((

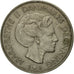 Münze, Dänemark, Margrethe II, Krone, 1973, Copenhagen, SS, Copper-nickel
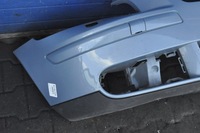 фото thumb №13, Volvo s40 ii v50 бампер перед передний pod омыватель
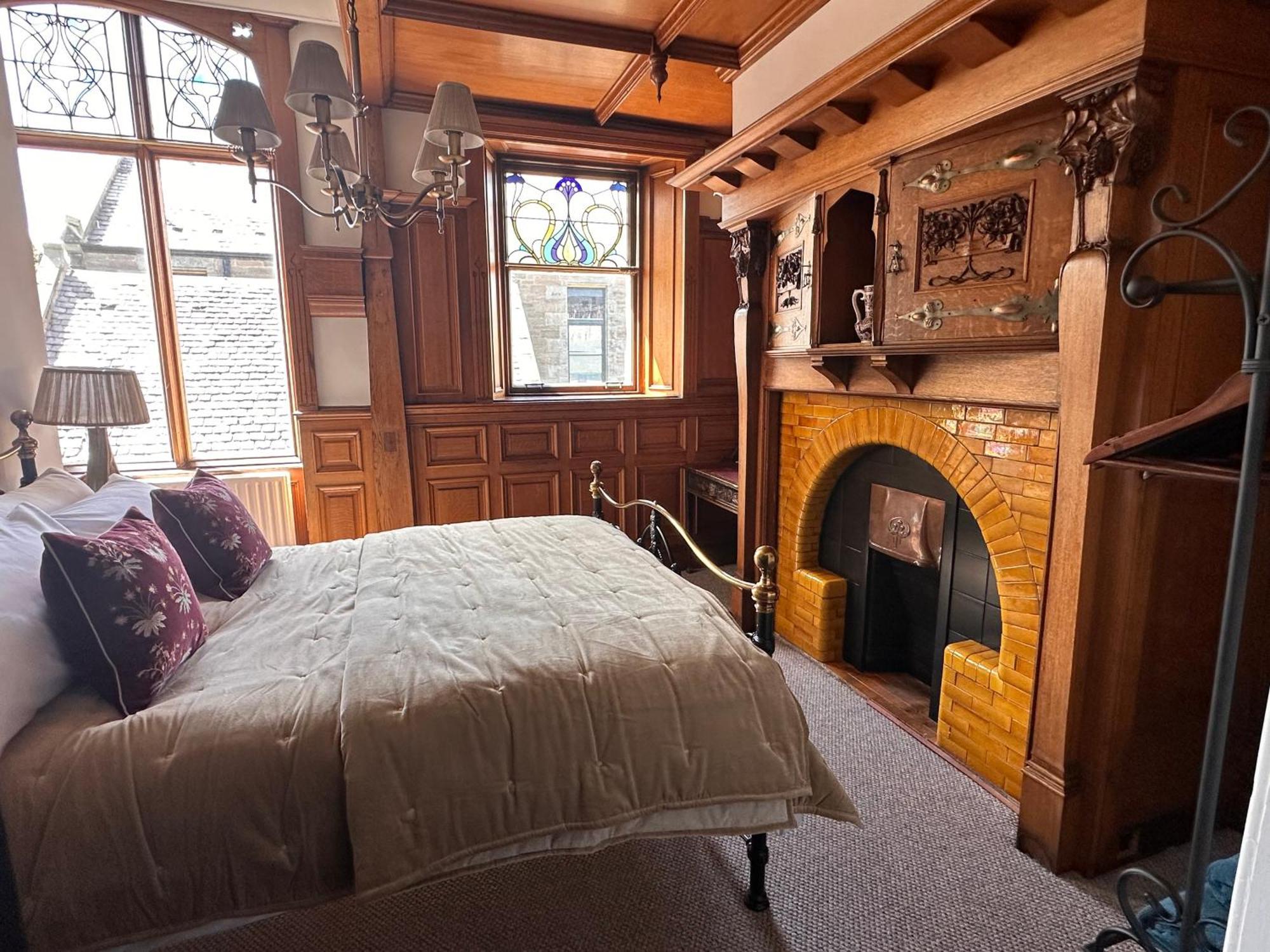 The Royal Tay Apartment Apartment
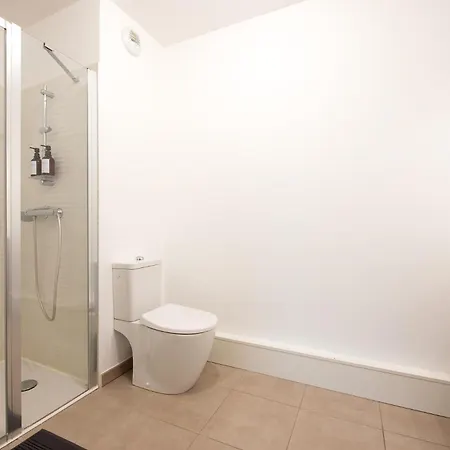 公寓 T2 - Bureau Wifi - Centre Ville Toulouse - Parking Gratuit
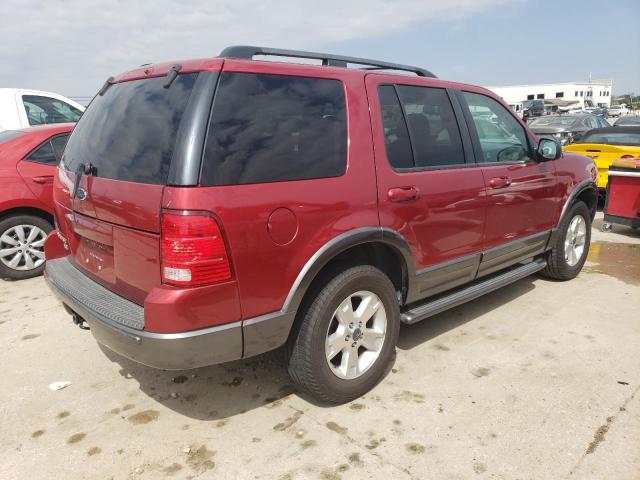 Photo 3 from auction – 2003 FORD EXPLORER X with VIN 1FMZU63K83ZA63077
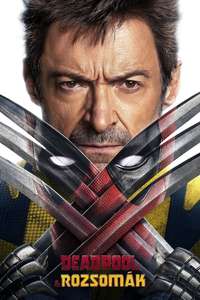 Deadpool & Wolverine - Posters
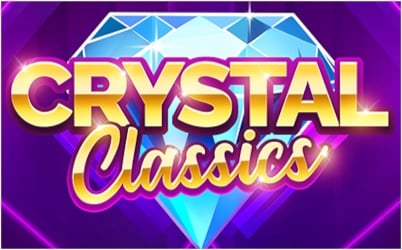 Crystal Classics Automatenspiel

))

• **EXERCISE AIM**
Give back the whole listing exactly; no pictures.

• **YOUR RESPONSE**
 Münze, Dänemark, Margrethe II, Krone, 1973, Copenhagen, SS, Copper-nickel
 фото thumb №13, Volvo s40 ii v50 бампер перед передний pod омыватель
 The Royal Tay Apartment Apartment
 公寓 T2 - Bureau Wifi - Centre Ville Toulouse - Parking Gratuit
 Photo 3 from auction – 2003 FORD EXPLORER X with VIN 1FMZU63K83ZA63077
 Deadpool & Wolverine - Posters
 Crystal Classics Automatenspiel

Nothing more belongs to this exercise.